(Work required)
Each line from the one that holds "206 S Gay Ave, Panama" to the end of the records is to be retyped exactly. Pictures are not part of the copy.

(Data shown)
☆ ☆ ☆ ☆ ☆

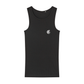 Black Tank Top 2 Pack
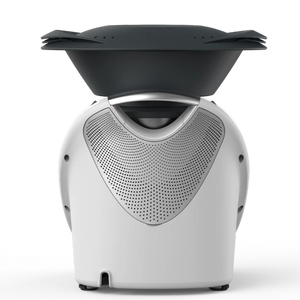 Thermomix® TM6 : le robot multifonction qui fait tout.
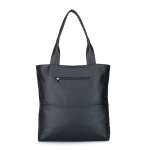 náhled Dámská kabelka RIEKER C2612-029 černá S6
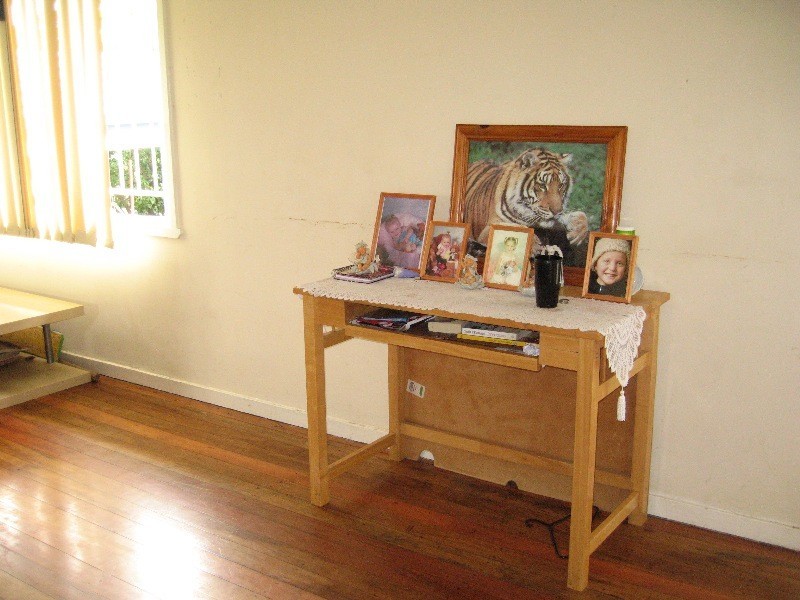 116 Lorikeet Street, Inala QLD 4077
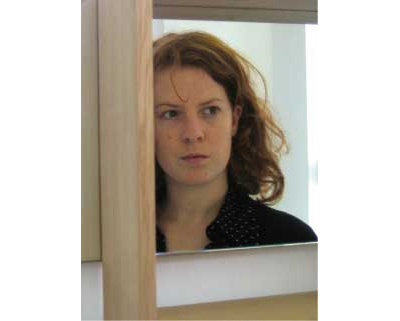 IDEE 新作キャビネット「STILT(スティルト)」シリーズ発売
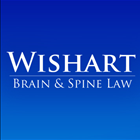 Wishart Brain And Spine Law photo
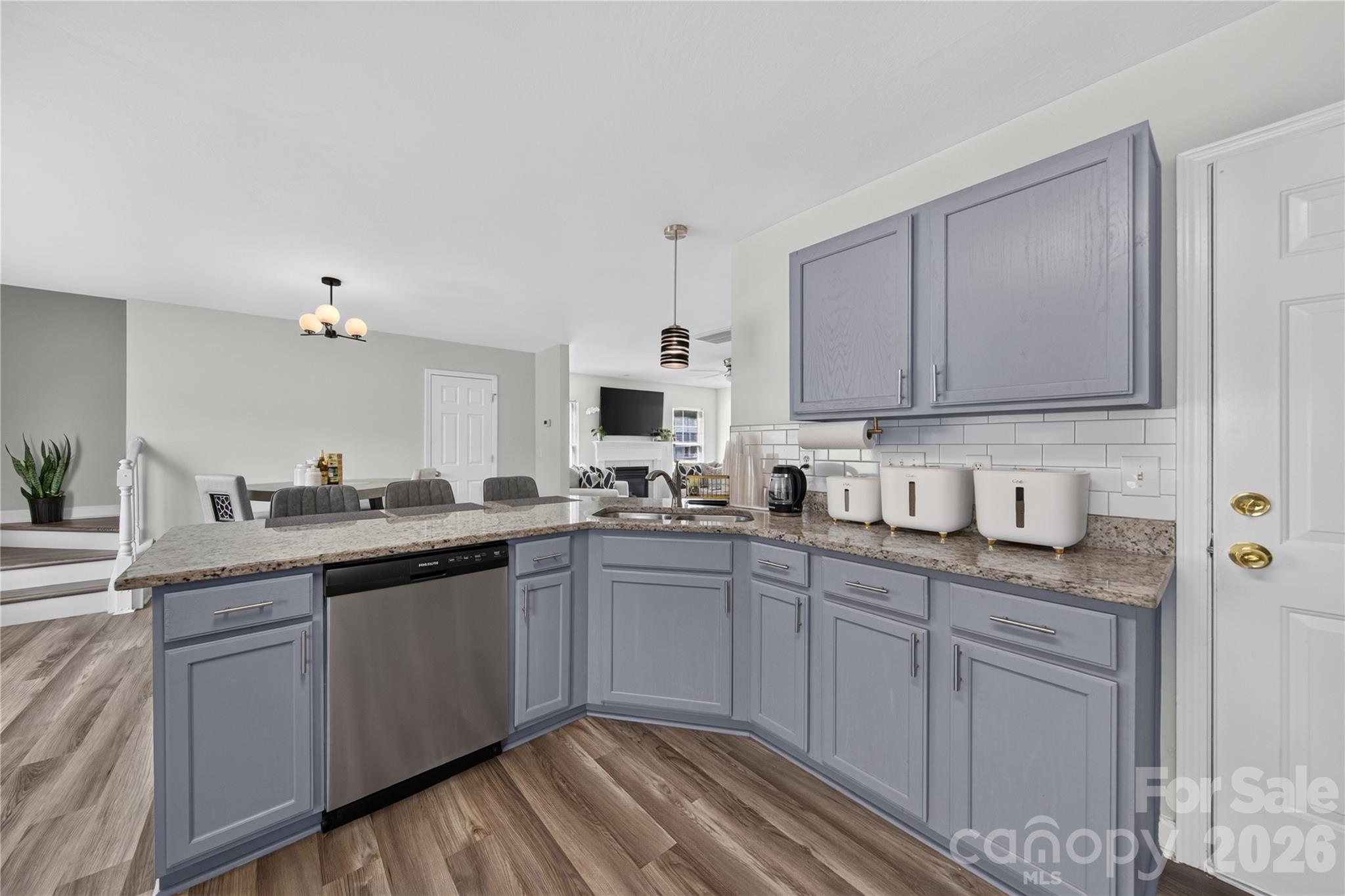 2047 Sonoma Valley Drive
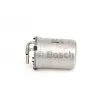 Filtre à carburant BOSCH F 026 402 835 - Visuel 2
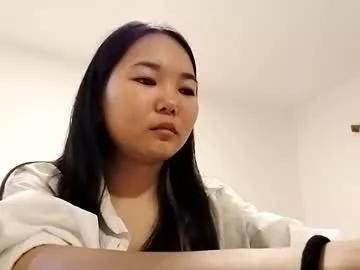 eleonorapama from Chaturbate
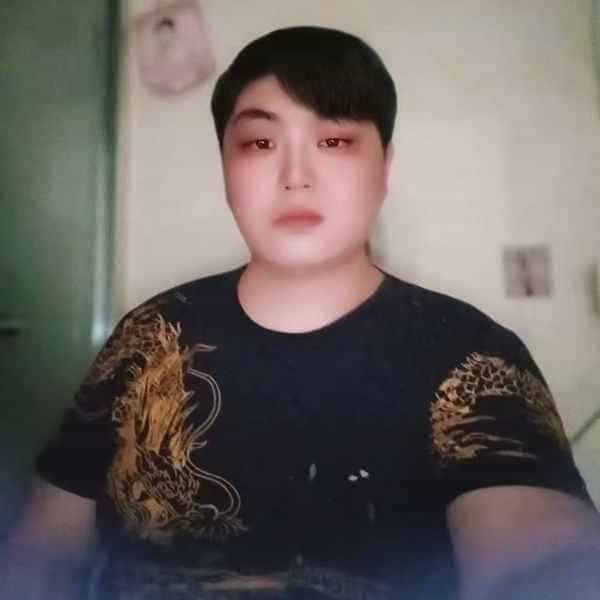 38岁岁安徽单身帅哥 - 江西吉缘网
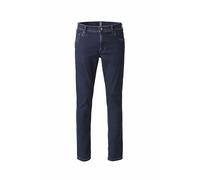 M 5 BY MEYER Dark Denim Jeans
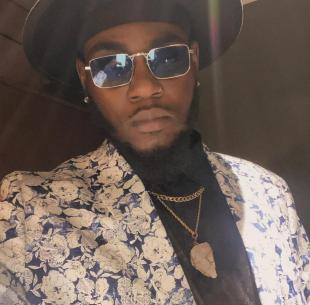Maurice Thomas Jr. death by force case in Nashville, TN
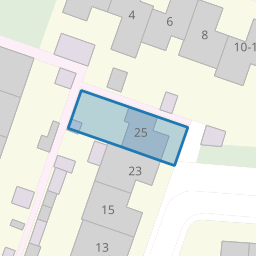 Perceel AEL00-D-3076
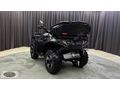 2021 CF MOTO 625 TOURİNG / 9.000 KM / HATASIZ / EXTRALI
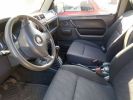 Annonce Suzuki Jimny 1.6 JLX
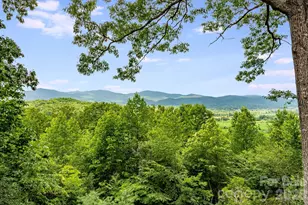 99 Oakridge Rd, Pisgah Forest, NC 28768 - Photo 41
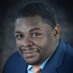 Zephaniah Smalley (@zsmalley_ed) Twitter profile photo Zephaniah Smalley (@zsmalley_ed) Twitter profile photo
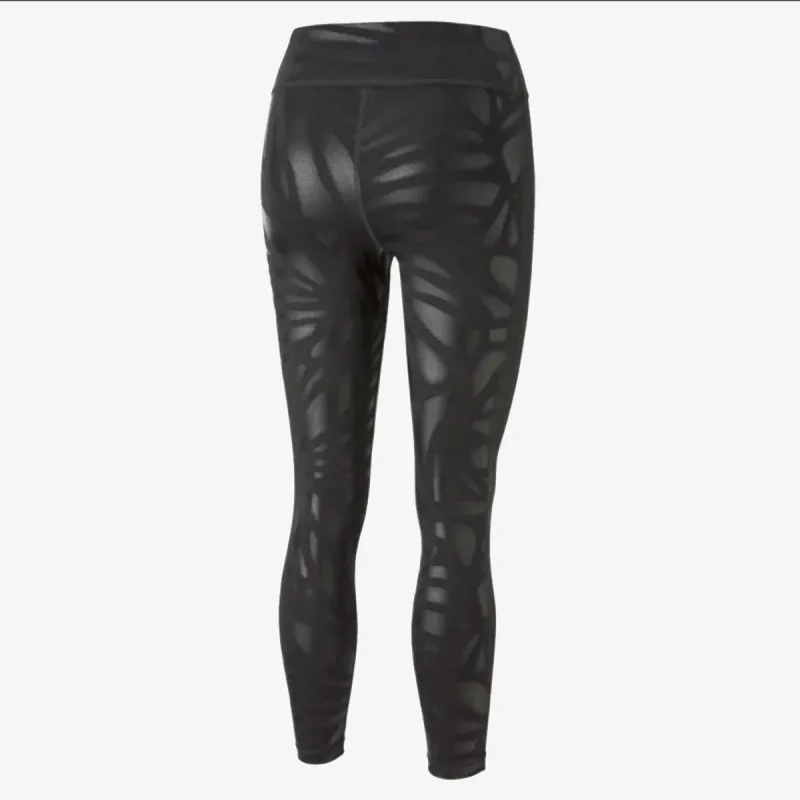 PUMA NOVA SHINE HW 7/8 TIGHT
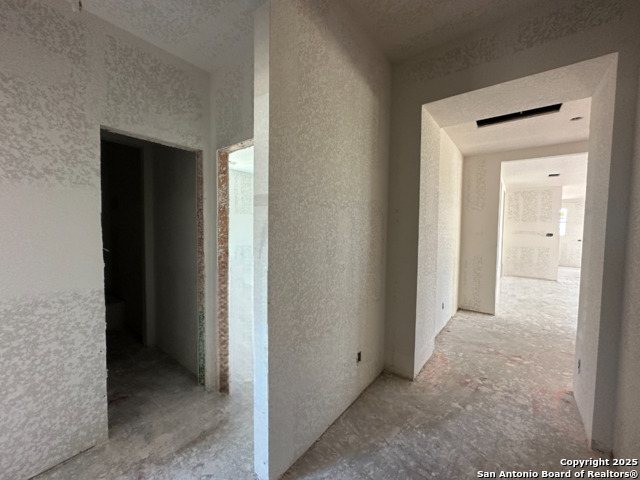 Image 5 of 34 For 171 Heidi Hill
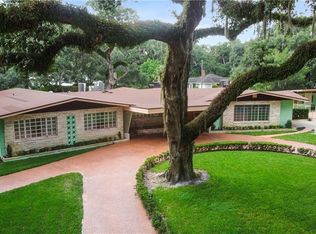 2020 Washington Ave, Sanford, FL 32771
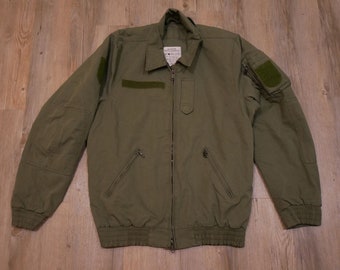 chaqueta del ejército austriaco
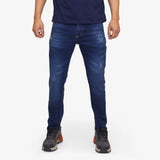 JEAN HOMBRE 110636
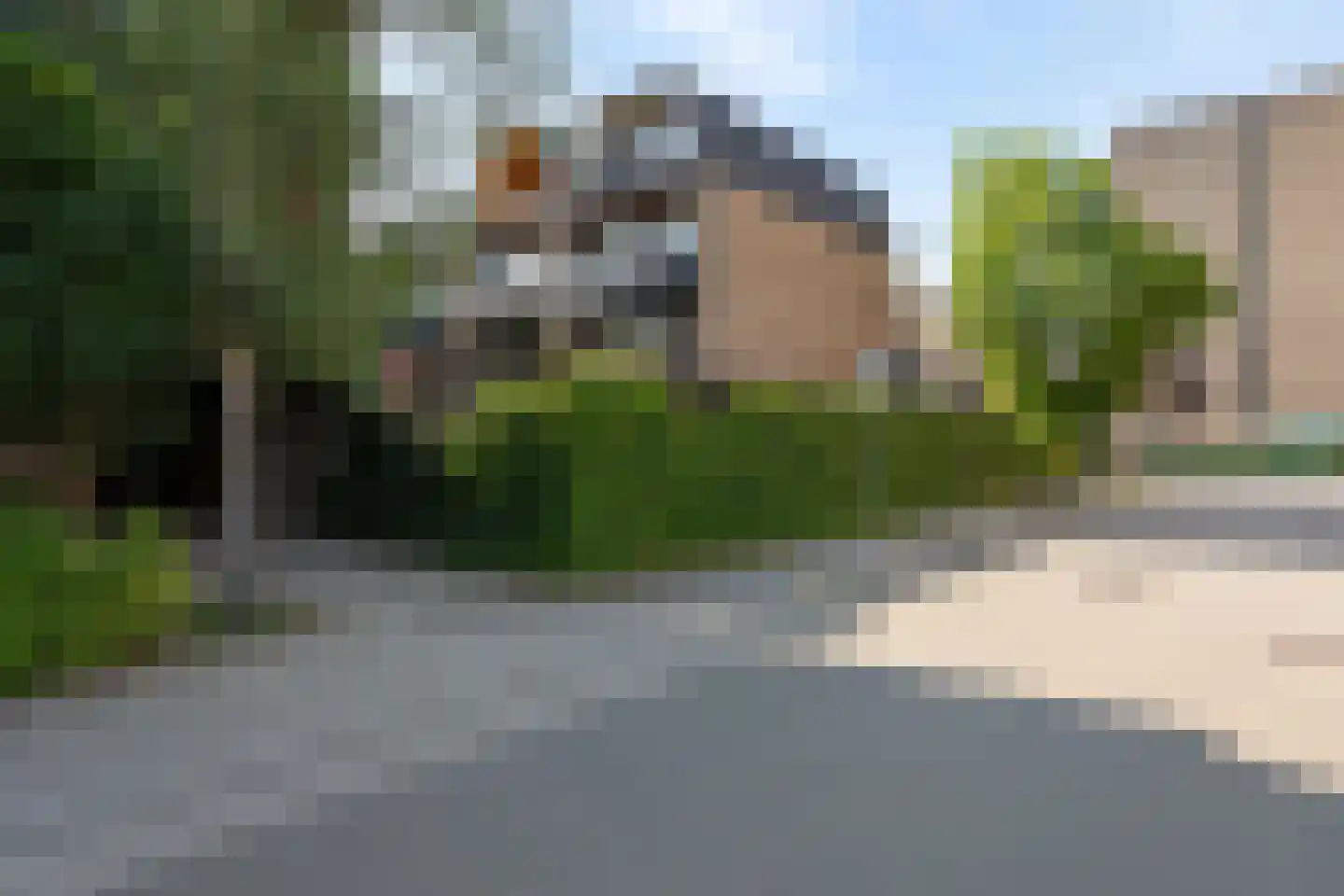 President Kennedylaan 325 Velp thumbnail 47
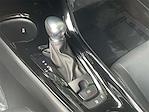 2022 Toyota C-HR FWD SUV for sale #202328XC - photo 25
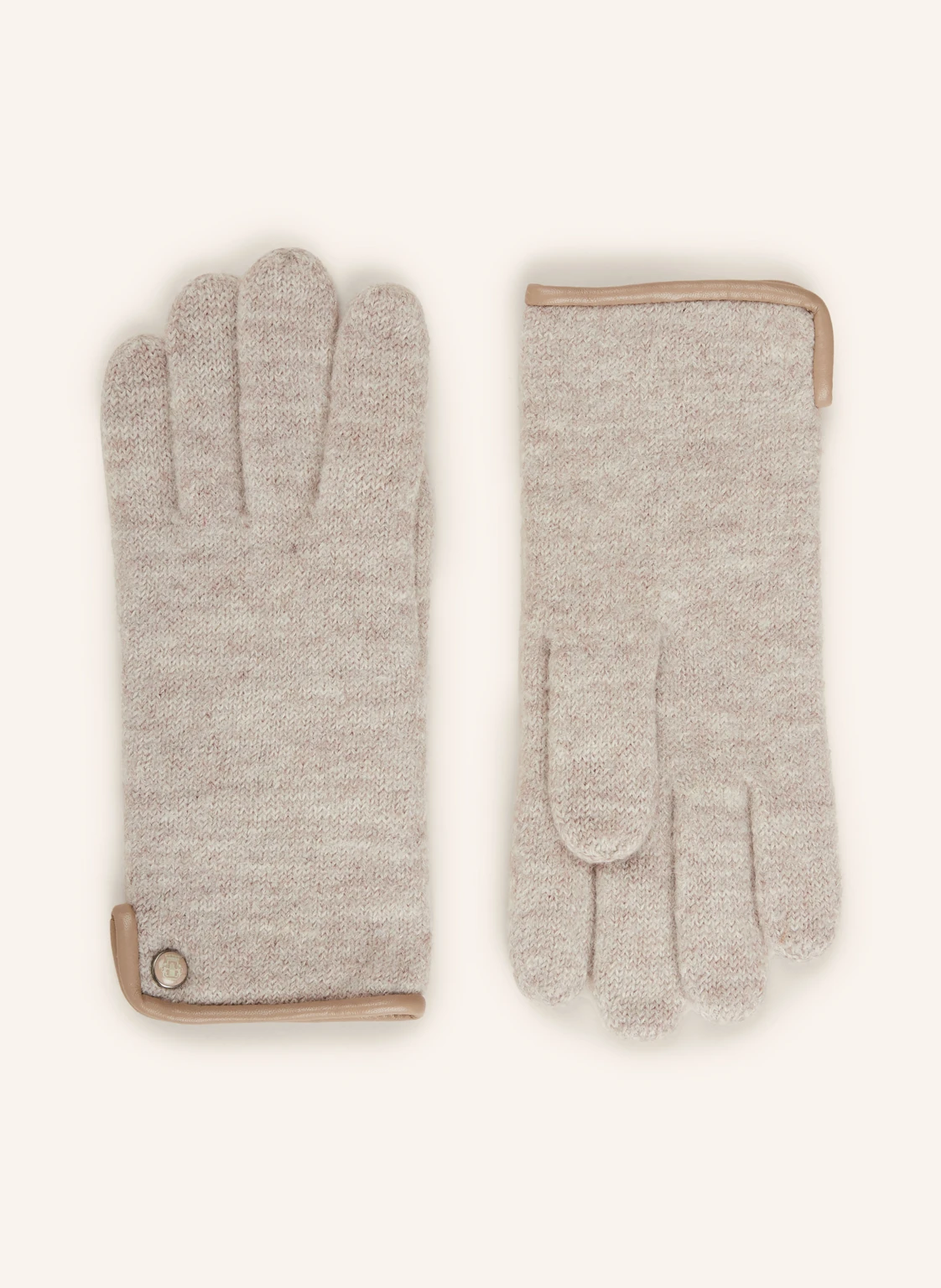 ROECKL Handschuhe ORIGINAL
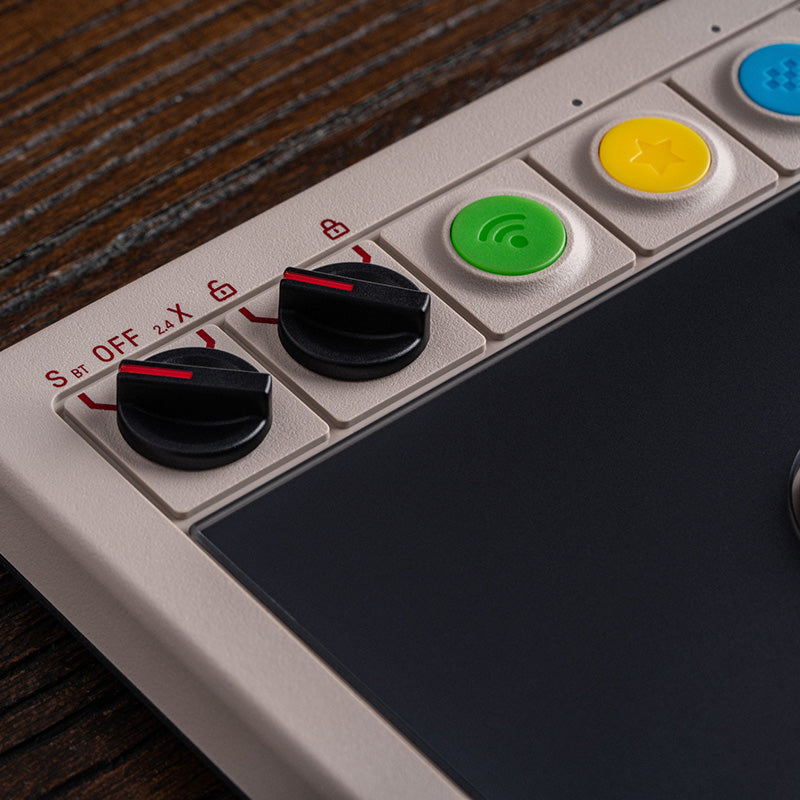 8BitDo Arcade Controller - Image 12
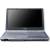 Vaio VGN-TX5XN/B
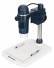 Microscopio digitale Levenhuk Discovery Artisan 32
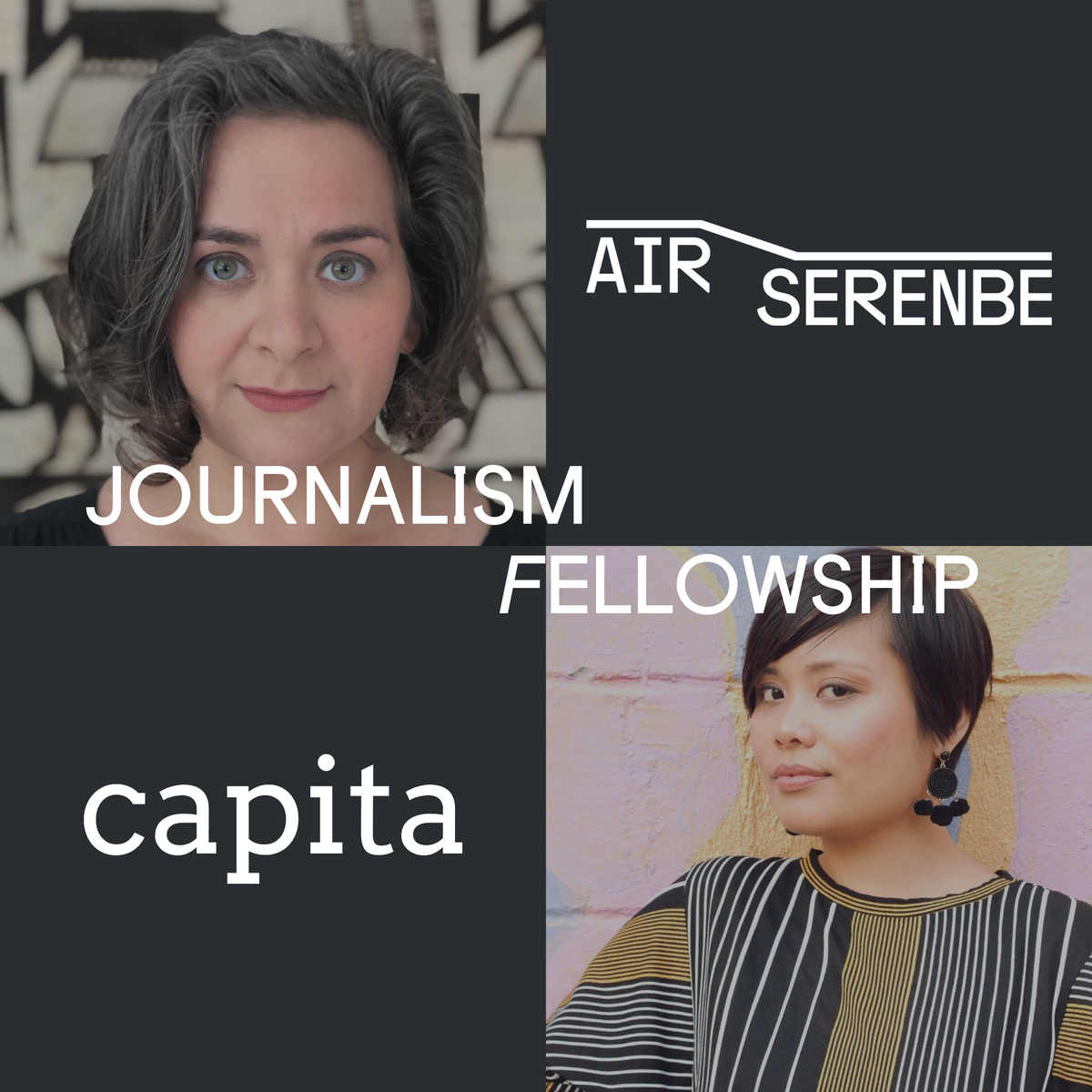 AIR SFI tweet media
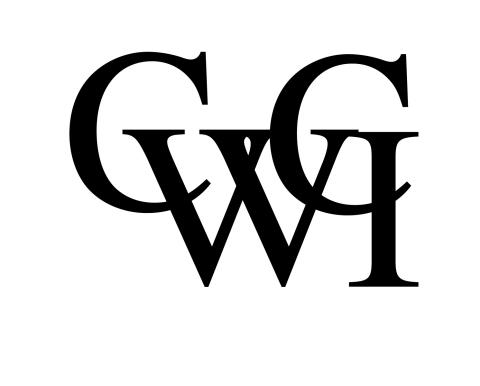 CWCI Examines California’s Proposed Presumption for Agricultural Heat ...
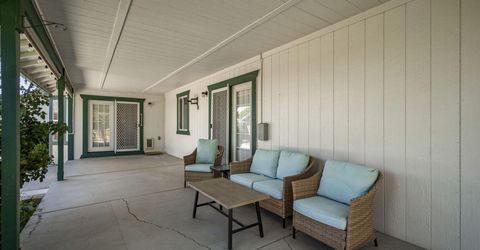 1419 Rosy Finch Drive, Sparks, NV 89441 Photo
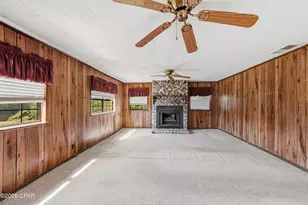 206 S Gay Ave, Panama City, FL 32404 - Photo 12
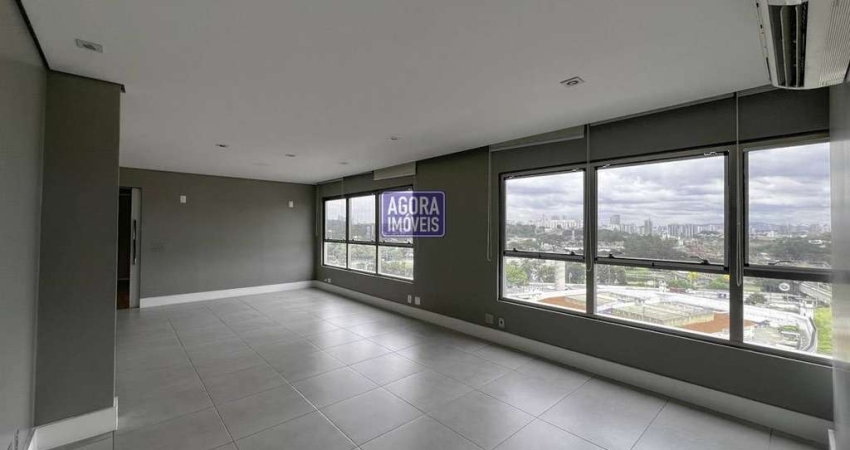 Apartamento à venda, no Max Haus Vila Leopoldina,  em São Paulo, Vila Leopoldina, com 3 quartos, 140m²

☆ ☆ ☆ ☆ ☆

(Response for this exercise)
 206 S Gay Ave, Panama City, FL 32404 - Photo 12
 Apartamento à venda, no Max Haus Vila Leopoldina,  em São Paulo, Vila Leopoldina, com 3 quartos, 140m²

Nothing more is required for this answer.